Na plenitude final em Deus, toda a história passada será para sempre realizada na eternidade. O céu é apenas esse momento eterno de re-visitar tudo o que fomos, fizemos e sentimos na presença de Deus. 

A história se revela, assim, como um húmus vivente, uma atmosfera de graça, uma torrente subterrânea na qual se nutre todo o processo da vida de cada um. Não é fora da História e de sua história que a pessoa pode reconhecer a Vontade de Deus e escutar Seu apelo; porque “Deus se fez e se faz História” é que a história de cada um e da humanidade inteira adquire uma nova luz e um novo sentido.

Cantar o Magnificat nos possibilita viver o “mistério” da presença e a ação do “Deus na História”. Nesse sentido, assim como Maria, cada pessoa se “contempla a si mesma”, imersa nesse acontecimento de graça que á a história da humanidade, assumindo-a e fazendo-a própria.

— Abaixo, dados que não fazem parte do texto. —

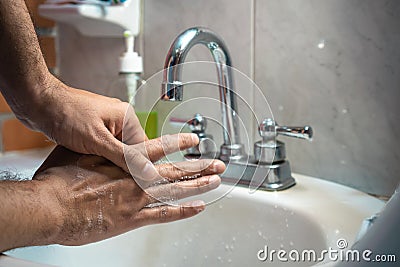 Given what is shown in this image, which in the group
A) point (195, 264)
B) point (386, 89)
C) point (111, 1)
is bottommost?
point (195, 264)

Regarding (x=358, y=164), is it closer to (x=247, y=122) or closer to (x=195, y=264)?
(x=247, y=122)

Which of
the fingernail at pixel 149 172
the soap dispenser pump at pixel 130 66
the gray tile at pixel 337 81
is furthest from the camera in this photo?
the soap dispenser pump at pixel 130 66

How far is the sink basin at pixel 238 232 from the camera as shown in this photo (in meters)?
0.67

A partir do fundamento da História contemplamos nossa própria história (pessoal e institucional): história que deve ser observada, lida, discernida. Tal experiência nos ajuda a abrir os olhos para a novidade inesgotável da vida, nos faz “aquecer o coração”, desperta em nós o desejo e mobiliza todas as nossas capacidades para um compromisso de ação transformadora na história pessoal e coletiva. 

Texto bíblicoLc 1,39-56 

Na oração: A História está sempre aberta, desafiando-nos, arrancando-nos de nosso imobilismo, despertando nossa criatividade para ser reescrita de uma maneira diferente.

- Diante da história pessoal e social, você se sente desafiado(a)? paralisado(a)? com medo? inquieto(a)...?

- Quanto de esperança você carrega em seu interior frente à nossa história centrada na cultura da morte?

- O que faz abrasar o seu coração diante de uma história que parece um contínuo fracasso?